Isaac Olguin, sophomore at Belaire High, participates in a mock interview as through Urban Restoration Enhancement Corporation’s (UREC) College & Career Ready program.

Isaac Olguin is a sophomore at Belaire High School. Originally from central Florida, Isaac and his family moved to Slidell, La. where he attended sixth through ninth grade. His family moved to Baton Rouge this school year. For Isaac, that meant a new school, new friends, and new opportunities.

One of those opportunities presented itself when a teacher at Belaire, Catina Flowers, encouraged him to enroll in Urban Restoration Enhancement Corporation’s College and Career Ready Program. Mrs. Flowers, whose daughter was already a participant in the program, felt that Isaac was a student with potential and could benefit from the curriculum focused on college and career readiness.

Isaac is the second oldest of four siblings. When he graduates in 2019, not only will he be the first in his family to graduate from high school, he will also be the first to attend college.“Being the first in my family to go to college without any help will be difficult, but when my mind is set to something I will succeed at anything,” explained Isaac.

Realizing he’d need additional academic support to achieve his dream of going to college, especially in the area of ACT test preparation, he followed Mrs. Flowers’ recommendation and committed to participate in College & Career Ready Program. When Isaac first started the program, his career goal was to become a construction manager. Some of his family members work in construction, and he’d helped them out on a few job sites. Isaac was confident that a construction management degree was his way into this field.

However, he began to think differently about his career choice after attending the program’s Young Professionals Panel Presentation. The panel of college students and young professionals shared their experiences of starting out in the workforce, discussing topics such as proper etiquette in the workplace and the importance of establishing oneself as a reliable, competent, and proactive employee. One panelist, a Southern University student and civil engineering major, encouraged Isaac to consider majoring in civil engineering instead of construction management. He advised Isaac to broaden his career options so that he could work on both construction projects and other types of engineering projects. Grateful for the advice, Isaac has now decided to pursue civil engineering.
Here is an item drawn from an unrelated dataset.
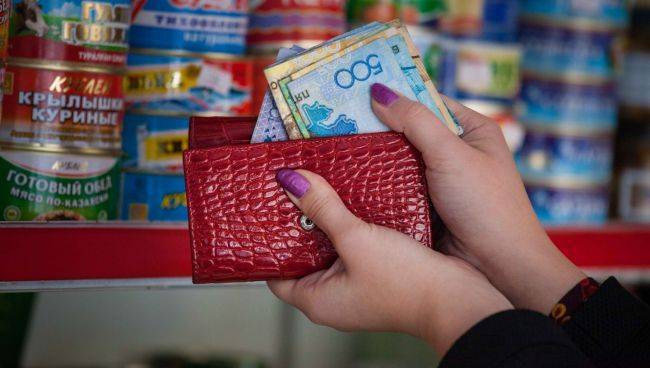 Признак нищеты: почти половину доходов казахстанцы тратят на еду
In addition to the Young Professionals Panel, Isaac has benefited from many of the program’s other resources. He learned about the college admissions process and college life from current college students and recent graduates. And, Lynnette Lee from the Career Center at the East Baton Rouge Parish Public Library provided a series of workshops with advice on the job search process from writing an effective resume and cover letter to preparing for a job interview.
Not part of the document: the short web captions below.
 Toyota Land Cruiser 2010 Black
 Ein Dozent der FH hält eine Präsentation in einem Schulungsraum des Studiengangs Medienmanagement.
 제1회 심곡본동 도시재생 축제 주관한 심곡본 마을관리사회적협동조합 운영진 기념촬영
Through a collaboration with the service organization, the Greater Baton Rouge Chapter of the Links, Inc., he also participated in two mock interviews with seasoned business professionals and Links members Helena Cunningham, Founder and CEO of National Housing Consultant Services, and Rose Hudson, President of the Louisiana Lottery.

Isaac Olguin prepares a personal essay as a program requirement through UREC’s College & Career Ready program.

Still, it was the Personal Essay Writing workshop series facilitated by Nayita Wilson, Founder and CEO of NVisions Communications & Consulting, that resonated with him most. In those workshops, Isaac learned the art of writing a stand-out essay for college admissions counselors and scholarship committees.

“The most valuable thing I learned from this program is how to write a personal statement for college,” said Isaac. “I believe this will help me when I need to write an essay for college because I won’t struggle as if I hadn’t practiced it before.”

“The kind of growth I’ve witnessed in Isaac is what we want to see from all students who participate in our program,” said UREC Program Director Kathryn Robinson. “When he started the program, he was quiet and unsure of himself and his ability to get admitted into college. I’ve watched Isaac develop into a student more confident of himself, his voice, and his ability to access the information he’ll need to make the right decisions about college and career.”

Above all, Isaac believes the program is preparing him to be ahead of the curve. “The benefits from this program are great because moving on in life is important, but it can also be difficult. This program helps,” he said. “They help you by giving you tips and great advice from job search to applying for scholarships. In the end, it gives you a head start from everyone else.”